Esai reflektif - Napak Tilas di Antara Dua Masa
Minggu, 9 November 2025.
Sekitar pukul sepuluh pagi, matahari telah tinggi, namun sinarnya masih lembut menembus sela dedaunan. Udara Depok mulai hangat, tak lagi sejuk, tapi masih menyisakan semilir angin yang menenangkan di wajah kami. Bersama istriku, aku berniat menapaki kembali jejak waktu — menuju rumah saudara di Tanah Kusir, di tepi jalan Ciputat Raya.
Kami berangkat dengan sepeda motor, bukan karena tergesa, melainkan karena aku ingin melintasi dua jejak kehidupan — jejak anakku yang setiap pagi menembus panas dan macet menuju Pondok Pinang, dan jejak diriku sendiri, yang dulu muda, penuh semangat, mengajar les sambil menggenggam mimpi di tengah hiruk pikuk Jakarta Selatan.
Aku berkata pada istriku, “Kita lewat jalan yang biasa dilewati anak kita.” Ia mengangguk pelan, senyumnya menandai setuju, dan dari situlah perjalanan kecil kami dimulai — bukan sekadar perjalanan di atas aspal, tapi perjalanan dalam ingatan.
Dari Jalan Margonda kami menuju jalan Sawangan, lalu berbelok di Krukut, melintasi terowongan di bawah tol Cijago — hingga tiba di Gandul, di mana waktu tiba-tiba berhenti sejenak dalam kepalaku. Di sinilah, pada tahun 1995 hingga 1996, aku menjadi guru les privat untuk pelajaran Fisika dan Matematika. Beberapa muridku masih terpatri jelas dalam ingatan — dua kakak beradik di perumahan BPK dan seorang siswi di Jalan Haji Terin, yang menjadi sumber inspirasiku menulis cerpen “Cinta yang Terselip di Antara Rumus-Rumus Fisika.” Namanya, wajahnya, bahkan gaya rambutnya — semuanya kuabadikan di sana.
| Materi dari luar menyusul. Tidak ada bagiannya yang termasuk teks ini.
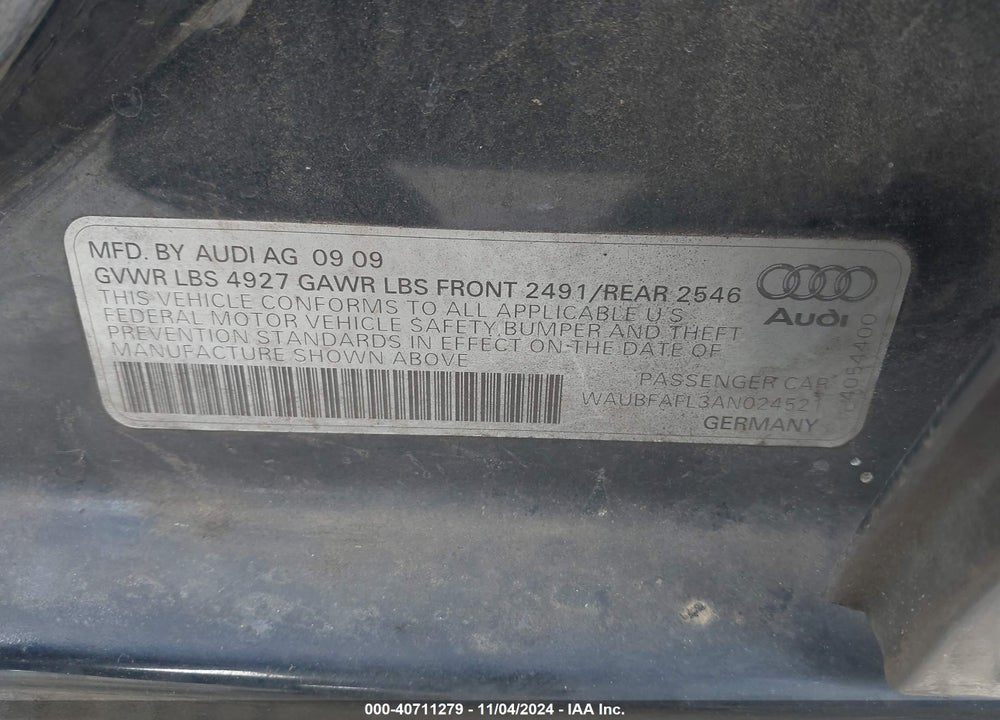 2010 AUDI A4 2.0T PREMIUM VIN: WAUBFAFL3AN024521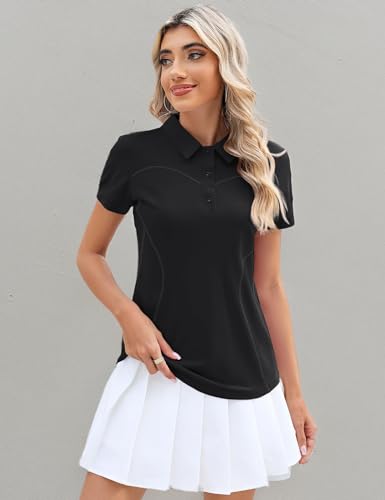 Image of TFSDOD Womens Golf Polo Shirts Collared Short Sleeve T Shirt Lightweight Moisture Wicking Polo Casual 3 Buttons Outfits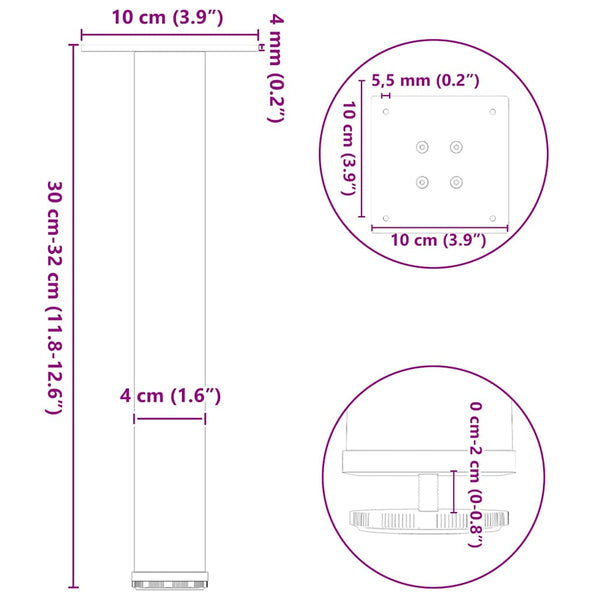 Couchtischbeine aus Stahl, 30-32 cm, 4er-Set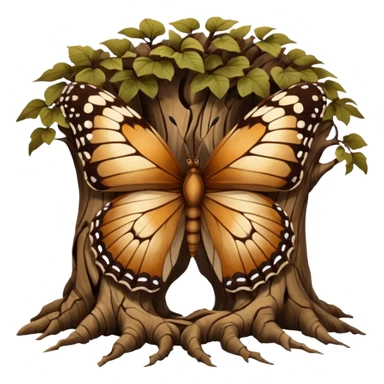 Dead butterfly emoji with broken wings weins with tree roots sticker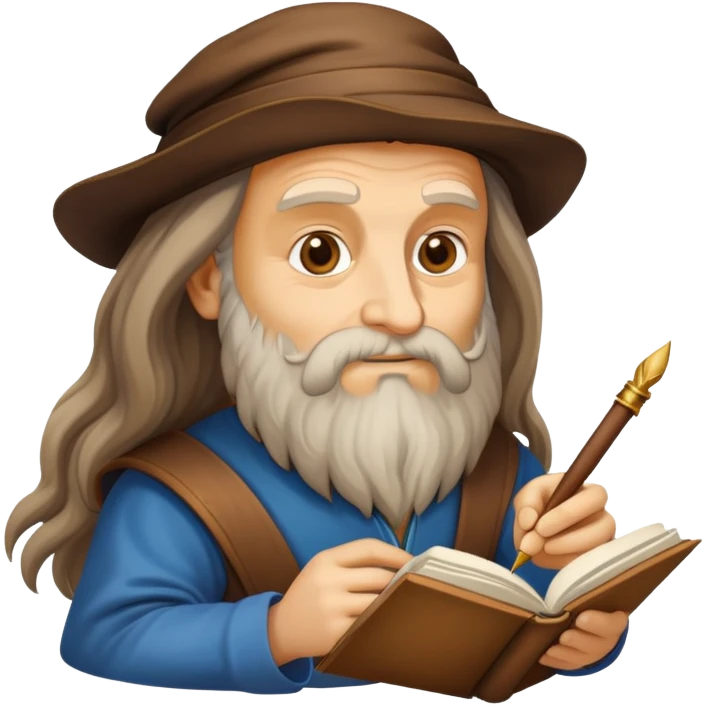 cinematic-realistic-leonardo-da-vinci-portrait-emoji,-depicted-as-the-quintessential-renaissance-polymath-with-deep,-thoughtful-eyes,-a-flowing-beard,-and-a-quill-or-sketchbook-in-hand.-the-scene-is-illuminated-with-warm,-classical-light emoji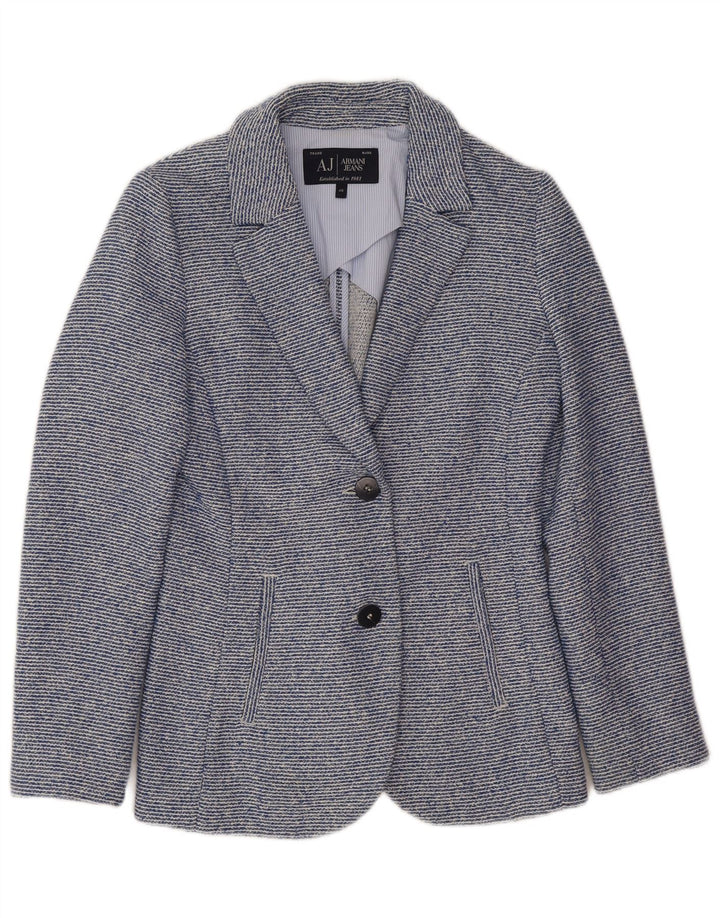 Giacca blazer da donna a 2 bottoni Armani Jeans EU 40 gessato blu medio
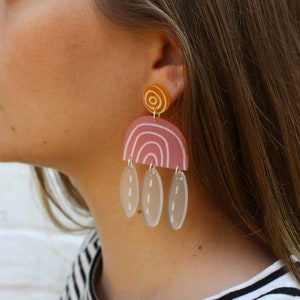 Pink and Yellow Statement Earrings - Acrylic Abstract Earrings - Dangly Drop Earring - Clip on - Spring Earrings - Eyecatching Earring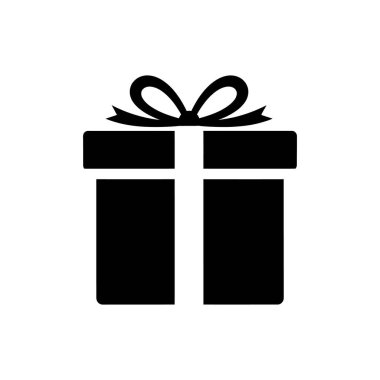 Hediye paketi, kurdele ve fiyonkla bağlanmış siyah bir siluet hediye ya da sürprizi temsil ediyor. Bu simge kolay kullanım için temiz beyaz bir arkaplanda izole edilmiştir.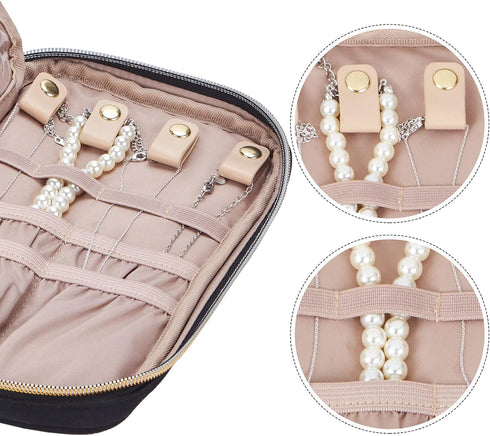 NISHEL Travel Jewelry Case, Travel Organizer for Necklaces, Earrings, Rings, Bracelets, Watch, Black...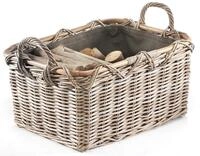 Kobolo Holzkorb f&uuml;r Kaminholz rechteckig Kubu grey - Rattan - Stoff dunkel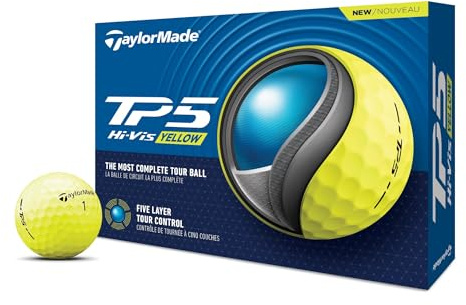 TaylorMade Golf 2024 TP5 Golf Balls - Yellow (Pack of 12)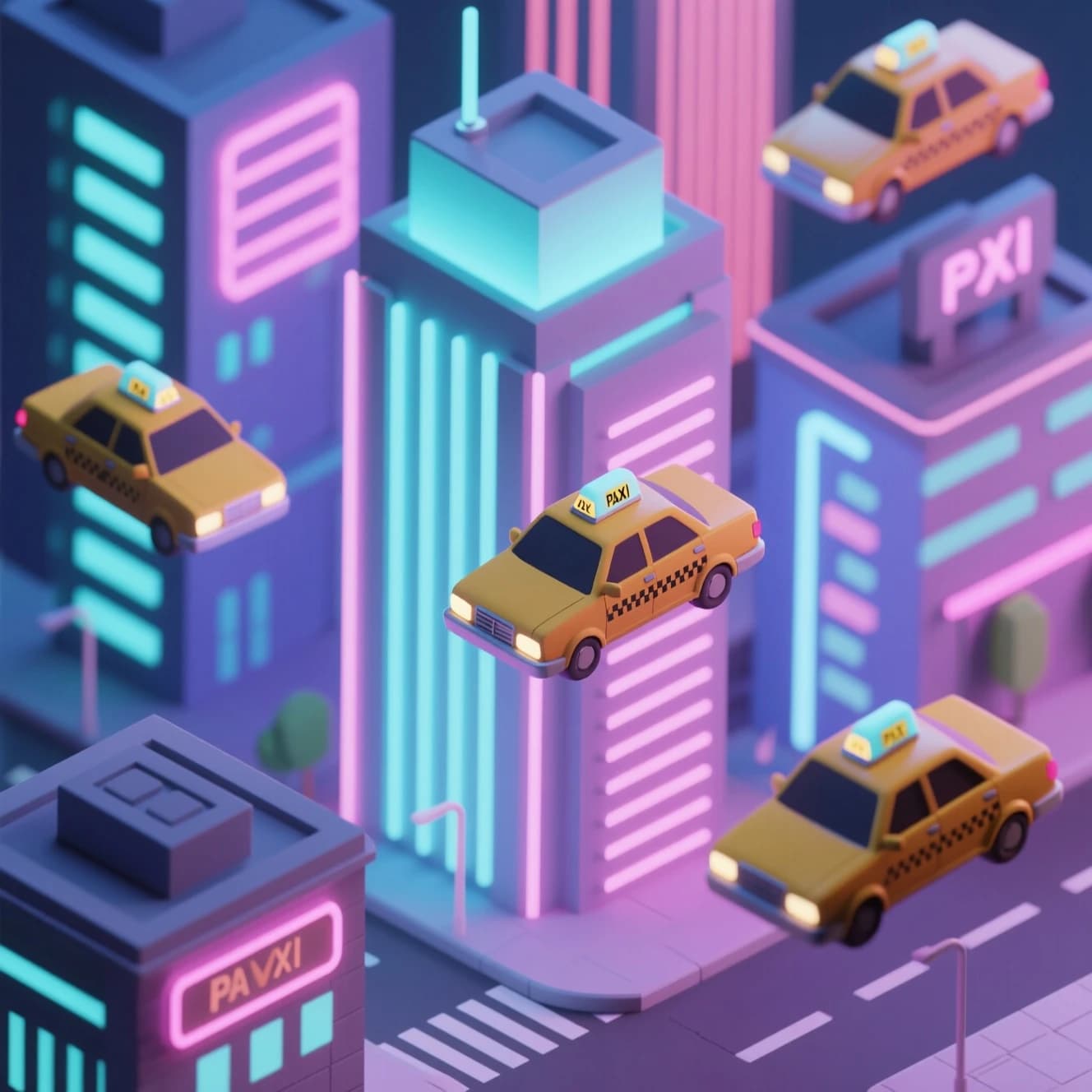 Design an isometric neon city with hovering taxis, clean lines, soft glow.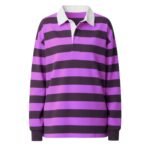 Women’s long-sleeve striped polo shirt in purple and black with a white collar and button placket.
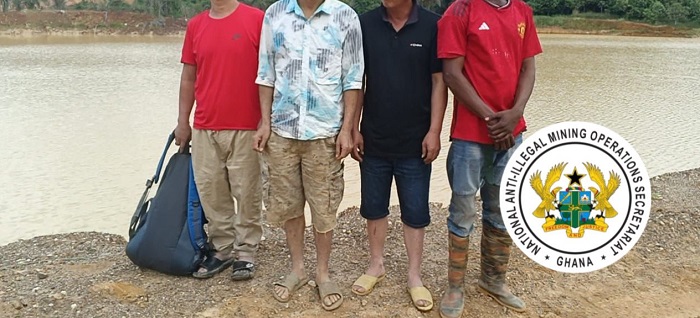 NAIMOS arrests foreign nationals in Mpohor illegal mining raid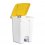 HYGIENE Collecteur à pédale blanc couvercle jaune en polyéthylène 45 Litres - 41 x 60 x 39 cm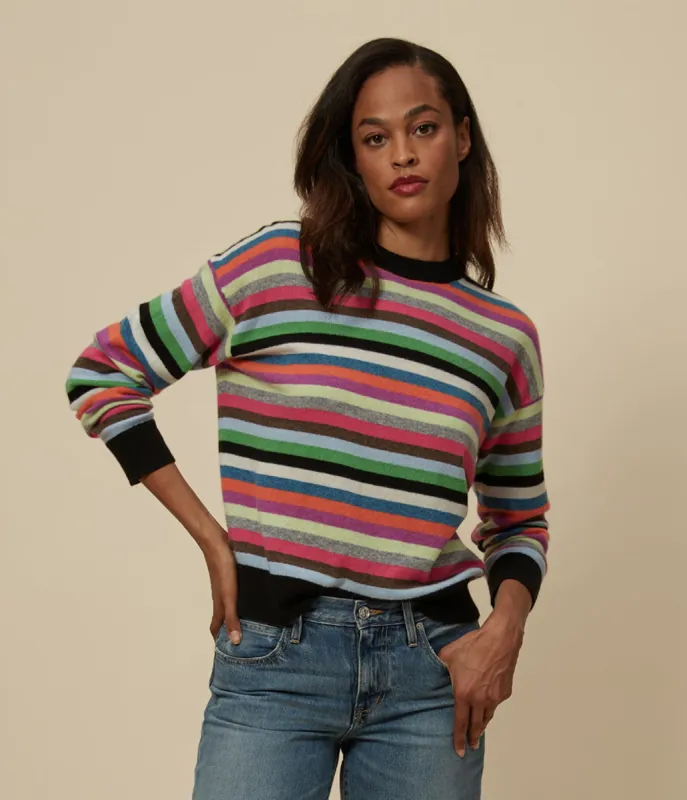 Celeste Striped Crewneck Cashmere Sweater sold by Michael Stars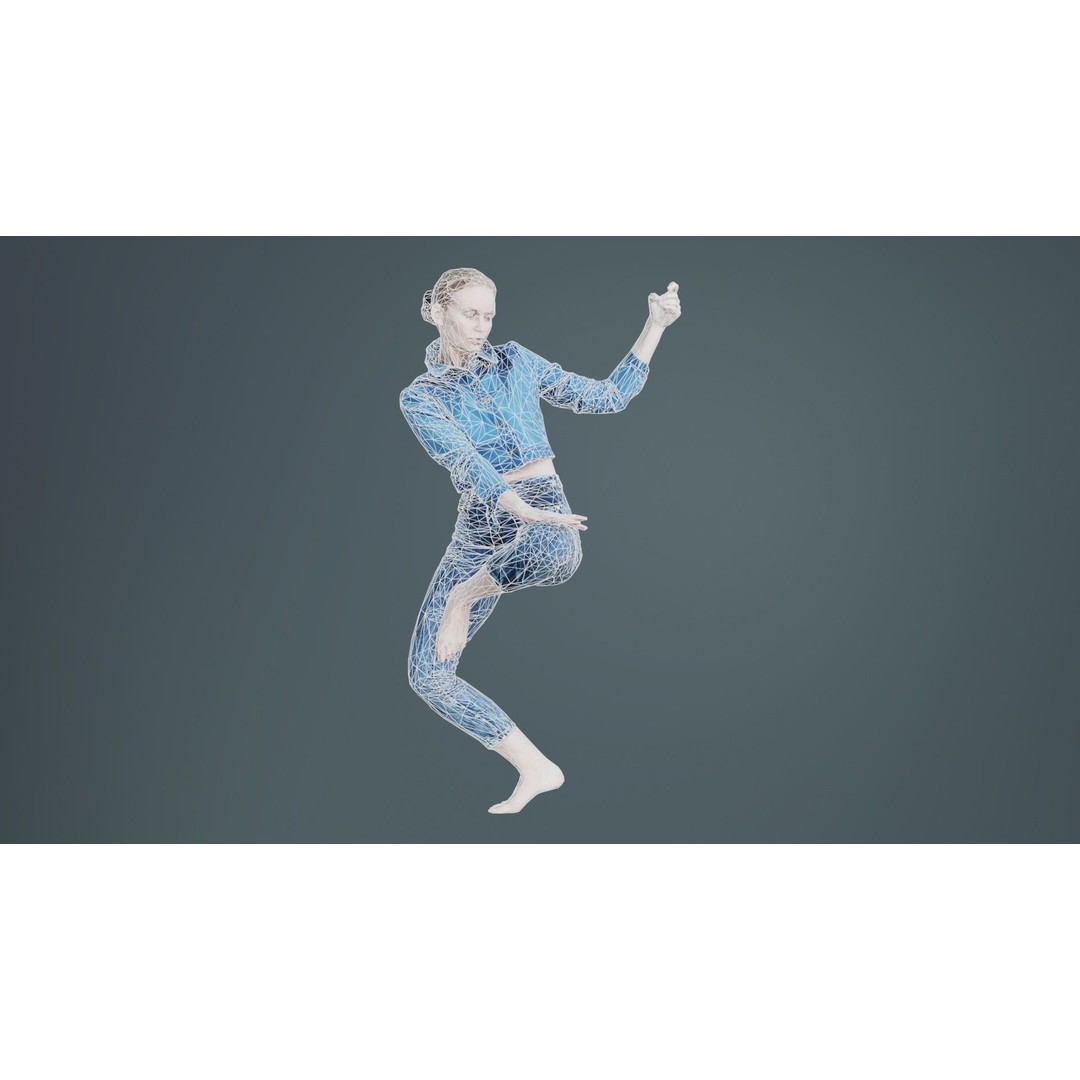 Woman Holding Pole 3D Model – Low-Poly Character with PBR Textures - View 11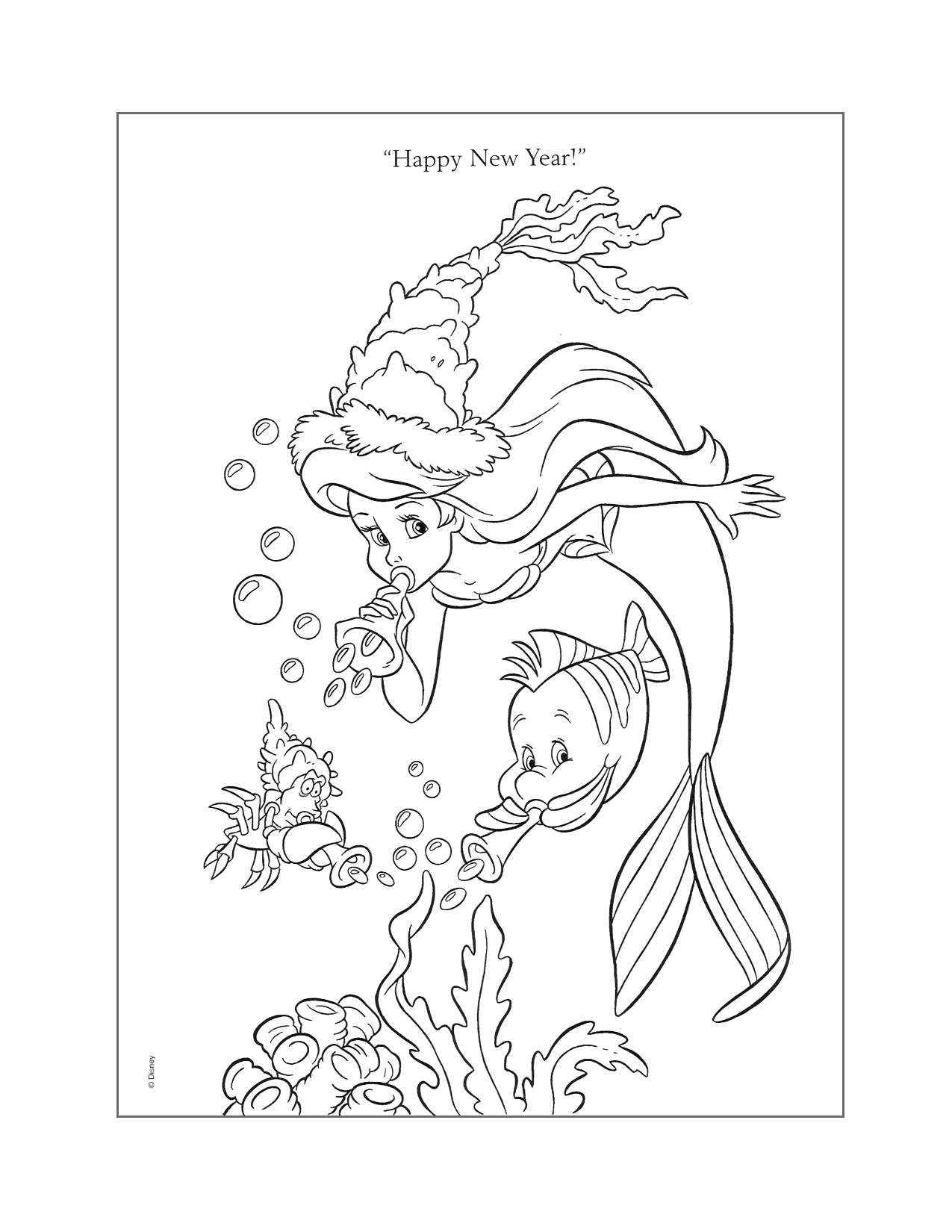 Happy New Year Little Mermaid Coloring Page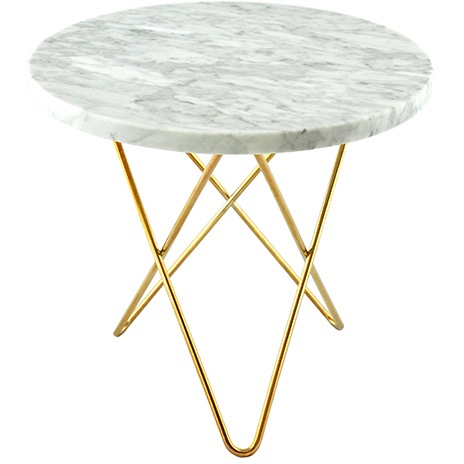 Mini O Table Sidebord Ø40 cm, Messing/Hvit Matt Marmor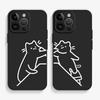 Забавный чехол для телефона с изображением пары кошек для iPhone 16 15 14 13 12 11 Pro Max Mini X XS SE4 7 8 Plus 16E Ударопрочный силиконовый мягкий чехол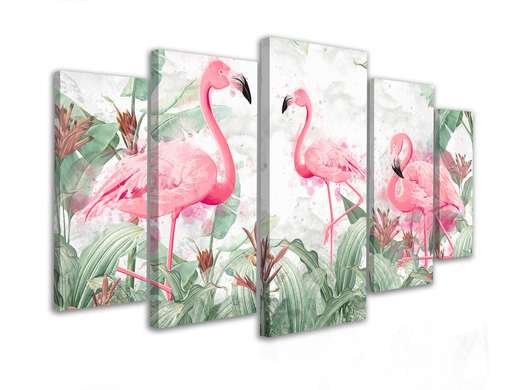 Модульная картина, Фламинго в зеленых джунглях, 108 х 60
Kala itu aku berjalan dari kos di Kukusan menuju Tanah Baru, sekitar satu kilometer jaraknya. Dari sana aku menumpang dua kali angkot, menembus panas, hanya demi sampai tepat waktu ke rumah murid lesku. Kini, dua puluh sembilan tahun berlalu, aku melewati kembali jalan yang sama — bukan dengan langkah kaki, tapi dengan sepeda motor bersama istriku, sementara kenangan berdenting lembut di dada.
Aku ingin bercerita padanya tentang masa-masa itu, tentang tiap rumah dan wajah yang kukenal, namun suara sepeda motorku menelan kata-kataku. Yang bisa kulakukan hanyalah menunjuk dengan tangan — “Di situ dulu aku mengajar.” Dan istriku, dengan mata yang lembut, menatap ke arah yang kutunjuk, seolah turut membaca kisah yang tersisa di udara.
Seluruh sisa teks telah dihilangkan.